Shortly after I walked in to meet these guys, I gave them the furrowed-brow look about how in the heck a radio-frequency device is supposed to help with tissue healing. They launched into a long discussion about the device’s mechanism of action that told me I’m not the first person to give them that strange look. Robins walked me through a long explanation of how various animal studies, and human trials, have shown that pulse radiofrequency waves can increase the binding of calcium to calmodulin, a signaling molecule. That reaction leads to a cascade of effects in which nitrous oxide gets produced, increasing vasodilation (more blood flow in tissues), and decreasing production of an inflammatory protein called IL-1 beta.
This will be the year in which Amp finds out if that biochemical hypothesis really means much to people recovering from knee or shoulder surgery.
Back in December, Amp announced it was ready to start enrolling the first of 100 patients in a study that will randomly assign patients to get its device or a placebo during their recovery from total knee replacements. Since pain is notoriously tough to measure objectively in clinical trials—many studies ask patients to subjectively score their pain on a scale of 1 to 10—Amp is hoping to get some harder data that will be valuable for physicians, patients, and insurers. The main goal is to see how much the Amp device can reduce the use of morphine-equivalent pain meds over two weeks.
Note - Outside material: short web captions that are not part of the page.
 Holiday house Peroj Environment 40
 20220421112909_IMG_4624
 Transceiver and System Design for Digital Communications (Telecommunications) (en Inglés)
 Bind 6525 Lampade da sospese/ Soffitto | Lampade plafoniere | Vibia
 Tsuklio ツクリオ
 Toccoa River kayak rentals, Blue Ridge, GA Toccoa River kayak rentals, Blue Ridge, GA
Secondary goals of the study will look at the extent to which Amp can bring down knee swelling, range of motion, pain severity, and use of other pain medications.
Around the same time in December, Amp put another portion of its cash to work in testing its device against shoulder pain following rotator cuff surgery. That study will enroll 102 patients who are randomly assigned to get the Amp device or a placebo, with a main goal of showing Amp can reduce narcotic pain medication usage during the first week. The secondary goals include things like self-reported reduction in pain severity, and improved quality of life.
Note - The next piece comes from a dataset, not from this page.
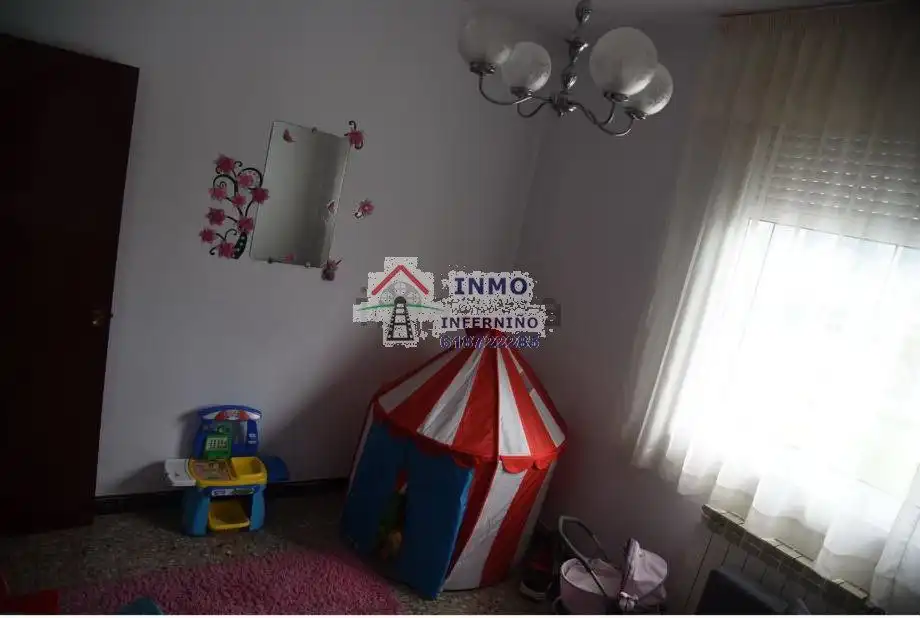 Casa o xalet en venda a A Malata - Catabois - Ciudad Jardín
It’s possible that Amp could have the results in hand before the end of the year, Dremel says, because these are relatively short trials. There are always plenty of things that can pop up in trials, even when they appear successful on the surface. Things like whether patients find it convenient to wear the device throughout the day, or whether it’s too cumbersome, or difficult to operate. There’s always inertia to fight, in a field where physicians prescribe pain meds so much they barely give it a second thought. And there are competitors here, like Irvine, CA-based VQ OrthoCare, which makes the Bionicare—although Dremel is quick to note that patients on that device need to spend many more hours using the device before seeing its benefits.
Right now, Amp has just a small team of six people, while leaning on the parent company for basic business functions and the folks at Seattle-based Stratos Product Development for help with product design. But when I walked into their Westlake Center headquarters, I surmised there was room for at least 20. We’ll find out later this year whether Amp will be in position to fill some of those desks.